# Smoked Cashews



## ellymae (May 31, 2009)

This is my second attempt at smoking nuts - used raw cashews this time - some with honey and Yardbird, some with honey and Salt Lick rub. These went for about 2 hours at 230 degrees with a little cherry wood. 
I still have pecans and peanuts left - anyone have a favorite recipe they care to share?


----------



## DanMcG (May 31, 2009)

I can't help with a recipe, but how did they taste?


----------



## ellymae (May 31, 2009)

Pretty dang tasty! I will be doing then again.


----------



## irishteabear (May 31, 2009)

They look really good. 
	

	
	
		
		



		
			






  I haven't done nuts in a long time.  Think it's time to correct that.


----------



## petesque (May 31, 2009)

How long do you smoke them for?


----------



## mballi3011 (May 31, 2009)

that sounds and looks yummo.

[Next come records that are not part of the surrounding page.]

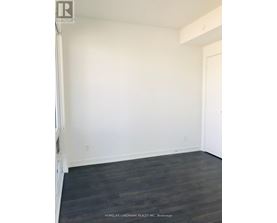 A room with white walls and dark wood flooring.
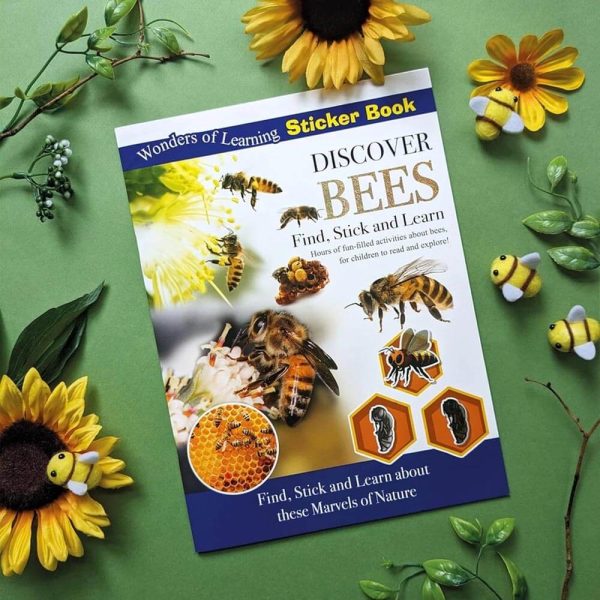Discover Bees sticker activity book displayed with sunflowers and bee decorations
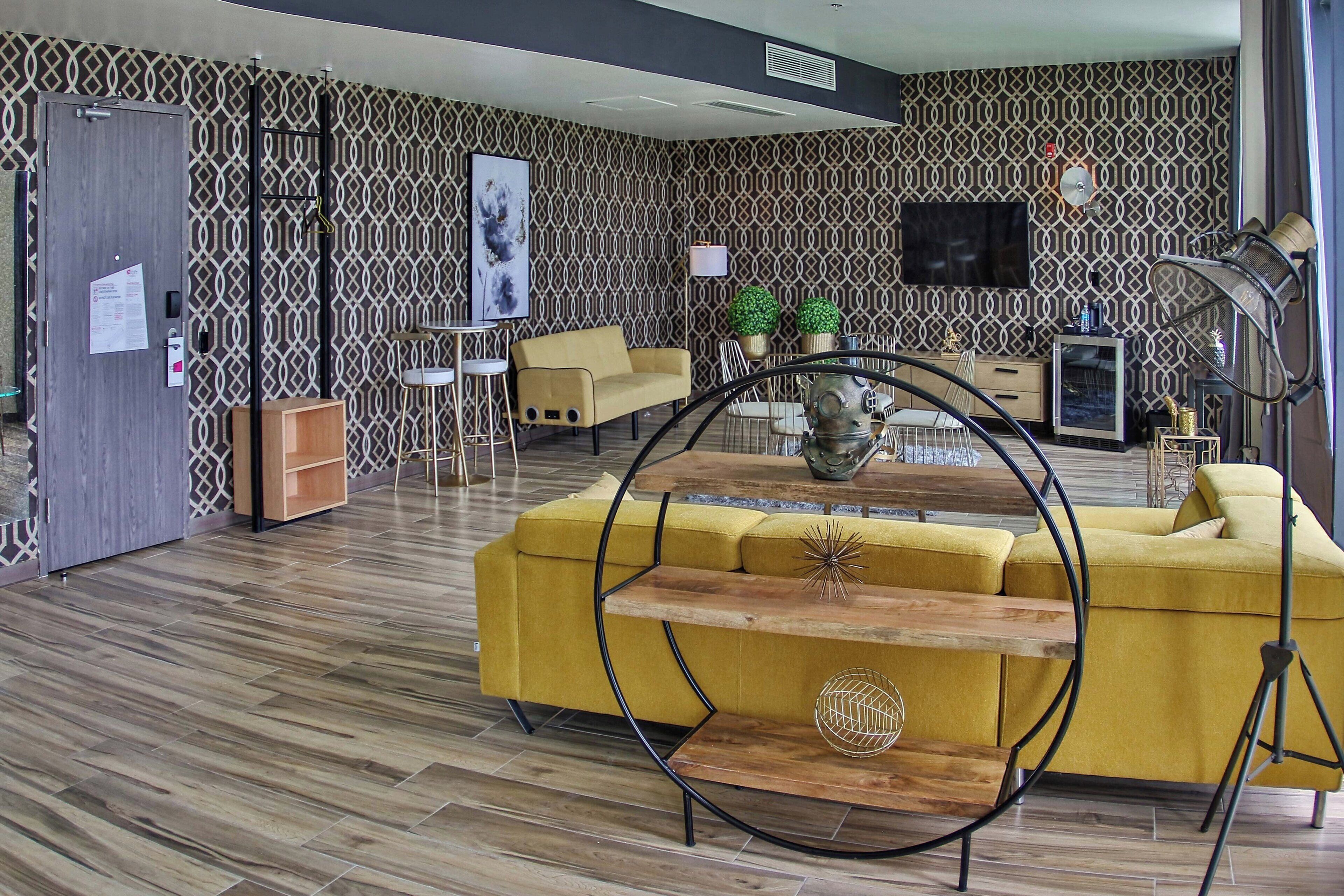 Una sala de estar moderna con un sofá amarillo, una mesa de centro de madera y un televisor en la pared.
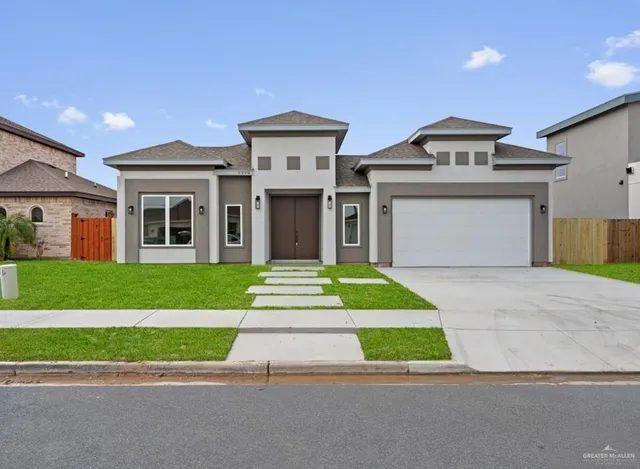 a front view of house with yard and green space
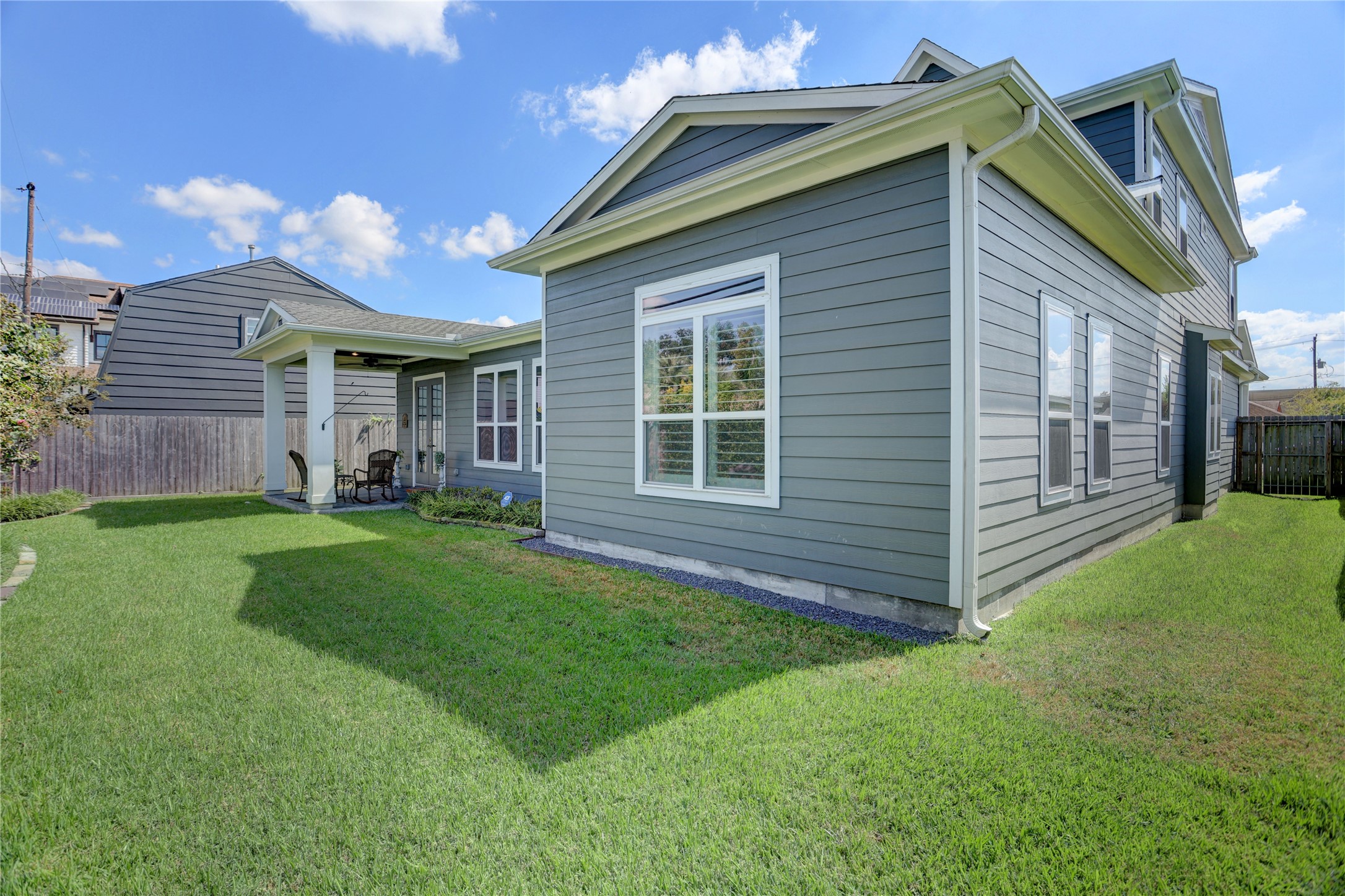 6430 Rolla Street Houston, TX 77055 - Photo 28 of 30 a backyard of a house with table and chairs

Good job and yet another thing I want to try


----------



## ellymae (May 31, 2009)

These went for about 2 hours at 230 degrees.


----------



## jjrokkett (May 31, 2009)

Those look great - Got to do some nuts soon!


----------



## werdwolf (May 31, 2009)

We like smoked pecans the best.  Soak in a mixture of salt and Molasses.  Then put them in a foil pan with holes punched in it.  Sprinkle some of Curious Aardvark's rub and smoke with Hickory.

The smoke does set up a little better *if *you can make them last a couple of days once you are done.


----------